Menurut Sagay, penggeledahan gedung hakim oleh DSS merupakan perkembangan yang menyedihkan dalam sejarah hukum kita yang disebabkan oleh keadaan yang tidak dapat dihindari.

“Walaupun belum pernah ada hakim yang dikenai pemeriksaan dan penangkapan, sejak masa kolonial hingga saat ini belum ada undang-undang yang melindungi kekebalan hakim dari penangkapan dan penuntutan pidana. Sebaliknya, itu didasarkan pada konvensi yang timbul dari kebutuhan untuk menghormati martabat dan kesucian Kehakiman.

“Dengan kata lain, praktik penghormatan kepada anggota Yudikatif adalah konvensi, bukan aturan hukum yang mengikat. Anggota peradilan tidak menikmati kekebalan dari penggeledahan dan penangkapan berdasarkan undang-undang apa pun. Oleh karena itu, terpeliharanya kesucian pribadi, jabatan dan tempat tinggal seorang hakim tergantung pada terpeliharanya kesopanan, martabat, kejujuran dan integritas hakim secara terus-menerus.

“Epidemi korupsi peradilan yang eksplosif dan berkembang, yang telah mengambil karakter yang mengkhawatirkan sejak pemilu 2007, telah sepenuhnya menjungkirbalikkan budaya penghormatan terhadap peradilan dan membawa lembaga yang dihormati itu ke dalam kehinaan dan aib.

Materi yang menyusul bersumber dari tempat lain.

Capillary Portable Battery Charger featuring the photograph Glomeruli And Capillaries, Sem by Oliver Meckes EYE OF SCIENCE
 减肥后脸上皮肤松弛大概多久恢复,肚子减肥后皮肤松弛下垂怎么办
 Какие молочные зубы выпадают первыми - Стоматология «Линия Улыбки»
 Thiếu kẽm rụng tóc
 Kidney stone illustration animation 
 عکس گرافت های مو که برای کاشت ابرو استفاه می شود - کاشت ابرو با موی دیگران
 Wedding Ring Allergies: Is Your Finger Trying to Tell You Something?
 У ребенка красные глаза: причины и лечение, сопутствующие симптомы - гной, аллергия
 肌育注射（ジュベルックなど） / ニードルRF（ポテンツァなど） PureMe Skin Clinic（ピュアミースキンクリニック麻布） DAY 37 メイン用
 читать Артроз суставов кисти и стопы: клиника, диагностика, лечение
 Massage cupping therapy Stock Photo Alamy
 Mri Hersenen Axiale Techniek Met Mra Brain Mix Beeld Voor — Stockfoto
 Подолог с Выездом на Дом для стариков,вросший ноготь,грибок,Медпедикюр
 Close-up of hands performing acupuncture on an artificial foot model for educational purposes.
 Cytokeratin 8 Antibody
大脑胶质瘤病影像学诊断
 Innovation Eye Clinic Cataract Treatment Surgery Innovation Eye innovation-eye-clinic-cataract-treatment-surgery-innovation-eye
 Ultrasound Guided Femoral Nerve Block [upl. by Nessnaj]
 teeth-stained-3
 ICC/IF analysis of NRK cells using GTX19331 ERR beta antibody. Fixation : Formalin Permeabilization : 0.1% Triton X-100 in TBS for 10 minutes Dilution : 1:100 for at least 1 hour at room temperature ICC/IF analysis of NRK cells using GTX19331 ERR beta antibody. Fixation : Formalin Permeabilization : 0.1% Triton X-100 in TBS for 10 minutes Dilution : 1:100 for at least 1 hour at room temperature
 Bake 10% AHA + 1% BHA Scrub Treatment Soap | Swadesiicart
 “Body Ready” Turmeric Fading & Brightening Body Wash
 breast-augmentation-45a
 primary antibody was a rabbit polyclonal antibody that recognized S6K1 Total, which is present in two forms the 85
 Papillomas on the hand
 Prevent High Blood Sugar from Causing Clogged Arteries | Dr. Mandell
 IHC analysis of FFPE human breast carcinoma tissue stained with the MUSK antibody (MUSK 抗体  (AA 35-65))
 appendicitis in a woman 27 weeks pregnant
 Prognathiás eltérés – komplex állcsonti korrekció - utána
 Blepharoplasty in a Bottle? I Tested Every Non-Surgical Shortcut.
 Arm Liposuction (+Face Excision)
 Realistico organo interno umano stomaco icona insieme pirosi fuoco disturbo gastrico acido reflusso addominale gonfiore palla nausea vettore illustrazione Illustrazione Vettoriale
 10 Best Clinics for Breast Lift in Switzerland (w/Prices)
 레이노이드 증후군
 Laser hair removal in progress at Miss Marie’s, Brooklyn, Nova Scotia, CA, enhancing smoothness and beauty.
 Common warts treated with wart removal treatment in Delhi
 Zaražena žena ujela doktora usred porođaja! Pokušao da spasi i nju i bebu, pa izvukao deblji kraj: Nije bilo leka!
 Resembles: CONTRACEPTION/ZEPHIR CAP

“Sifat epik dan korosif dari masalah ini telah membuat sistem yang secara tegas ditetapkan untuk menangani ketidakdisiplinan peradilan, yaitu sistem NJC, sama sekali tidak efektif. Tingkat kebobrokan moral dan banyaknya pelaku yang terlibat dalam korupsi yang agresif atau merajalela terlalu banyak untuk ditangani oleh sistem disiplin ortodoks.

“Jumlah uang mentah yang ditemukan dalam proses pencarian DSS sangat mengejutkan. Jadi kita menghadapi situasi di mana penyakit mematikan telah mengancam eksistensi demokrasi dan supremasi hukum.

“Pertanyaannya pasti: apakah kita mengambil langkah drastis dan belum pernah terjadi sebelumnya untuk membersihkan peradilan dan menyelamatkan institusi dari mereka yang ingin menyeretnya dan demokrasi kita turun demi keuntungan kotor? Atau apakah kita memutar-mutar jari kita dalam keputusasaan dan membiarkan erosi dan kemerosotan yang memalukan dari institusi yang dulunya terkenal dan dihormati terus berlanjut?

“Ini adalah negara yang pernah memiliki salah satu peradilan terbesar di dunia. Sekarang rasanya sulit dipercaya peradilan kita dulu lewat tokoh-tokoh legendaris seperti JIC Taylor, Louis Mbanefo, Joseph Adefarasin, Adetokunbo Ademola, Akinola Aguda, Anthony Aniagolu, Kayode Eso, Mohammed Bello, Chukwuweike Idigbe, Andrews Otutu N Obaseki, Augustine Otutu, Adolphos Karibi- Whyte dan Chukwudifu Oputa. Antara tahun 1980 dan 1990 kami memiliki kelompok ahli hukum yang luar biasa di Mahkamah Agung yang menciptakan zaman keemasan peradilan.

“Apa yang telah terjadi antara era yang seperti mimpi itu dan sekarang adalah penurunan cepat ke dunia mammon, di mana uang mendikte keadilan. Dengan kemerosotan standar peradilan kami, ‘dewa’ peradilan kami telah turun dari Gunung Olympus dan bergabung dengan barisan orang biasa dan dengan demikian mengalami nasib orang biasa.”